## Task goal
Copy out the data so that nothing differs from the original.

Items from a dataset
-----

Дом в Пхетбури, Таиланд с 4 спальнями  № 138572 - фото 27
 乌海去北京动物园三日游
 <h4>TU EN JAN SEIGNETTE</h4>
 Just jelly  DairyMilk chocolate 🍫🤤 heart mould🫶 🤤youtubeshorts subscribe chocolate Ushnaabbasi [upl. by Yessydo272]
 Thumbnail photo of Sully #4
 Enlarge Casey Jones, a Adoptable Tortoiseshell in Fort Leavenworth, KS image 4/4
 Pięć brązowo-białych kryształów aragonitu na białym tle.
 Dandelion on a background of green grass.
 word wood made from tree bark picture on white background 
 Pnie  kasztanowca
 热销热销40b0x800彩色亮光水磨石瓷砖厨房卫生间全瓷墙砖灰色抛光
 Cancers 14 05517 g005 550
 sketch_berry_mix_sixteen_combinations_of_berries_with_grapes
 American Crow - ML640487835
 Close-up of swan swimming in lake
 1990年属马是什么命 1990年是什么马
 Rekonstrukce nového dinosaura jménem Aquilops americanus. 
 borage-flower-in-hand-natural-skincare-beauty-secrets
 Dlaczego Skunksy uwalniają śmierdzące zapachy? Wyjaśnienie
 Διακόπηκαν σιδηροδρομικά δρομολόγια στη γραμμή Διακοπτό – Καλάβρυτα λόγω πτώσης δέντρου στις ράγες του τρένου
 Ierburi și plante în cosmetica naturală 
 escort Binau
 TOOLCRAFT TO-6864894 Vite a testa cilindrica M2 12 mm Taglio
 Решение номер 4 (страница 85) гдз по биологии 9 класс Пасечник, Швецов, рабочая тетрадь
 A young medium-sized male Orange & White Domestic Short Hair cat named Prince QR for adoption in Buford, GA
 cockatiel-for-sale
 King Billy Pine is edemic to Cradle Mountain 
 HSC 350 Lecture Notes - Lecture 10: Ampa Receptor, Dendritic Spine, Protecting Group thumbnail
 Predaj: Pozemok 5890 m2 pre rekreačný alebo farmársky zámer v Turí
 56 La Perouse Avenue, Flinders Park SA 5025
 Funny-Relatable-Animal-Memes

-----

## Answer to the exercise
Дом в Пхетбури, Таиланд с 4 спальнями  № 138572 - фото 27
 乌海去北京动物园三日游
 <h4>TU EN JAN SEIGNETTE</h4>
 Just jelly  DairyMilk chocolate 🍫🤤 heart mould🫶 🤤youtubeshorts subscribe chocolate Ushnaabbasi [upl. by Yessydo272]
 Thumbnail photo of Sully #4
 Enlarge Casey Jones, a Adoptable Tortoiseshell in Fort Leavenworth, KS image 4/4
 Pięć brązowo-białych kryształów aragonitu na białym tle.
 Dandelion on a background of green grass.
 word wood made from tree bark picture on white background 
 Pnie  kasztanowca
 热销热销40b0x800彩色亮光水磨石瓷砖厨房卫生间全瓷墙砖灰色抛光
 Cancers 14 05517 g005 550
 sketch_berry_mix_sixteen_combinations_of_berries_with_grapes
 American Crow - ML640487835
 Close-up of swan swimming in lake
 1990年属马是什么命 1990年是什么马
 Rekonstrukce nového dinosaura jménem Aquilops americanus. 
 borage-flower-in-hand-natural-skincare-beauty-secrets
 Dlaczego Skunksy uwalniają śmierdzące zapachy? Wyjaśnienie
 Διακόπηκαν σιδηροδρομικά δρομολόγια στη γραμμή Διακοπτό – Καλάβρυτα λόγω πτώσης δέντρου στις ράγες του τρένου
 Ierburi și plante în cosmetica naturală 
 escort Binau
 TOOLCRAFT TO-6864894 Vite a testa cilindrica M2 12 mm Taglio
 Решение номер 4 (страница 85) гдз по биологии 9 класс Пасечник, Швецов, рабочая тетрадь
 A young medium-sized male Orange & White Domestic Short Hair cat named Prince QR for adoption in Buford, GA
 cockatiel-for-sale
 King Billy Pine is edemic to Cradle Mountain 
 HSC 350 Lecture Notes - Lecture 10: Ampa Receptor, Dendritic Spine, Protecting Group thumbnail
 Predaj: Pozemok 5890 m2 pre rekreačný alebo farmársky zámer v Turí
 56 La Perouse Avenue, Flinders Park SA 5025
 Funny-Relatable-Animal-Memes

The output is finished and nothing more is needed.